Predicate adverbials, by contrast, are free from such constraints as in (1).
The explanation of (1) proposed in this paper is mainly based upon a recent linguistic and philosophical study of ‘performative sentences’ or ‘illocutionary force’ of an utterance (Austin 1962, Searle 1969), and also upon the concept of ‘chinjutsu’(‘modality’) in traditional Japanese linguistics (Yamada 1936, Tokieda 1941). I propose and argue the following principles:
(2) An utterance (or sentence) consists of three strata: a ‘performative stratum’(highest), an ‘attitudinal stratum’(middle), and a ‘propositional stratum’(lowest). The first and the second ones both indicate ‘illocutionary force’, and the last one, ‘propositional content.’
(3) The scope (focus) of
Q, NEG, IMP, and
SP does not stretch into an ‘attitudinal stratum.’

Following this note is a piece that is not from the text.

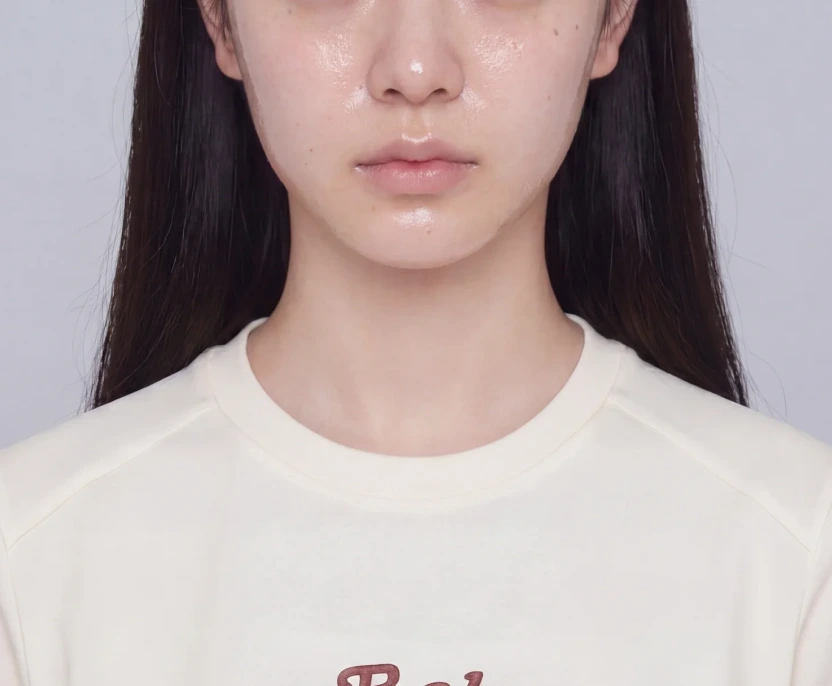 시술 4주 후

(4) Sentence adverbials belong to an ‘attitudinal stratum.’
Principles (2)-(4), which are of epistemological character and are deeply related with speech act theory, account for naturally and systematically the otherwise mysterious and inexplicable constraints in (1).
Finally, the above principles can be justified on independent grounds, and sentence adverbials prove to be a sub-set of a wider range of ‘subjective’ expressions, as is the case with ‘epistemic modals, ’ or ‘parentheticals, ’ which also belong to an ‘attitudinal stratum.’